This commit fixes the bug mentioned in the previous commit.

The previous implementations of wmemchr in these files relied
on n * sizeof(wchar_t) which was not guranteed by the standard.

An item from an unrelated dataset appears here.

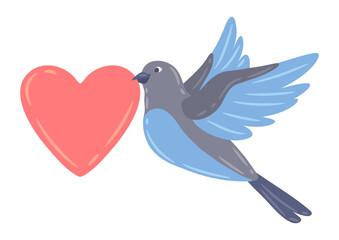 Illustration of cute flying bird and holding heart. Image of birdie in simple style.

The new overflow tests added in the previous commit now
pass (As well as all the other tests).

Signed-off-by: Noah Goldstein <goldstein.w.n@gmail.com>
Reviewed-by: H.J. Lu <hjl.tools@gmail.com>
---
 sysdeps/x86_64/memchr.S                | 77 +++++++++++++++++++-------
 sysdeps/x86_64/multiarch/memchr-avx2.S | 58 +++++++++++++------
 2 files changed, 98 insertions(+), 37 deletions(-)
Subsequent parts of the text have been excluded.